Family jokes
You know, you should adopt a pet. So then you can feel the pain that your parents felt when they adopted you... wait... also the regret after.
Is their [there] a doctor anywhere?
My mom has a few problems & those problems is [are] that my mom has big tits, fat ass & sweet pussy that needs attention. Help anyone.
Son: Dad, where are you?
Dad: Getting another one.
Son: Getting what?
Dad: Dad.
Why can't orphans play baseball?
They don't know where home is.
Lil bro's hairline is making me hungry wit that M shape also hitten me wit that damb batab bat bat baaa.
Memes
Off brand Hollow Knight
Marriage is really educational.
When I was single, I didn't even know there was a wrong way to put a fork in the dishwasher.
A failed marriage is like an Avengers movie.
First someone snaps, then half your stuff is gone.
Son asks dad, "How much does marriage cost?"
Dad: "I don’t know, son. I’m still paying for it."
What made Adam and Eve's marriage perfect?
He didn't have to hear about all the men she could have married, and she didn't have to hear about his Mom's cooking.
I hope I die peacefully in my sleep like my mother.
Not screaming like her passengers.
My cousin just broke up with his girlfriend, and I told him, "Since your dad owns a moving company, you can already take half of her stuff."
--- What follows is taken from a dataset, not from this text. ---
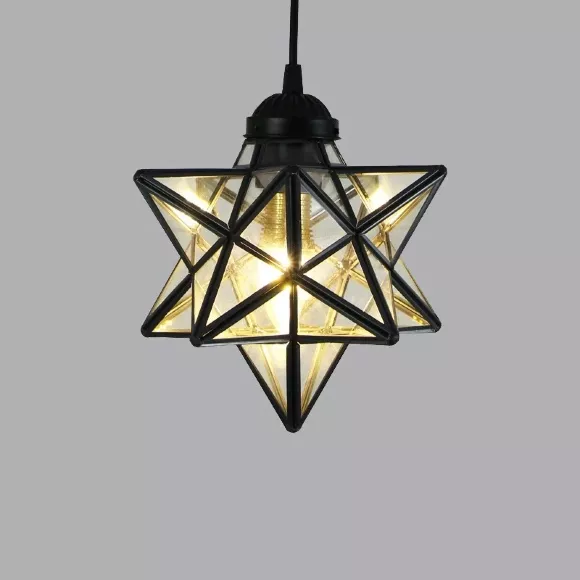 Подвесная люстра ImperiumLoft Black Star 189646-26 Подвесная люстра ImperiumLoft Black Star 189646-26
What’s one thing you can say during a family dinner and in bed?
"Where are the kids?"
My friend was showing me his tool shed and pointed to a ladder. "That's my stepladder," he said. "I never knew my real ladder."
My doctor asked my brother if anyone in the family suffers from mental illness.
He replied: "No, we all seem to rather enjoy it!"
My cousin just broke up with her boyfriend, and I told her, "Since your dad owns a moving company, you can already take half of his stuff."
What do you get when you cross a corrupt lawyer with a crooked politician?
Chelsea Clinton.
What's the difference between MH370 and my dad?
Both disappeared, but one killed 239 people.
What’s the difference between video games and my dad?
My dad doesn’t beat me.
My grandma always looks at me when we go to a wedding and says, "You’re next!"
When we attend a funeral, I say, "You’re next!"
Father talks to his 5-year-old son: “No, Petie, you don’t have to worry. There is no monster sleeping under your bed. It sleeps every day in the bed next to me.”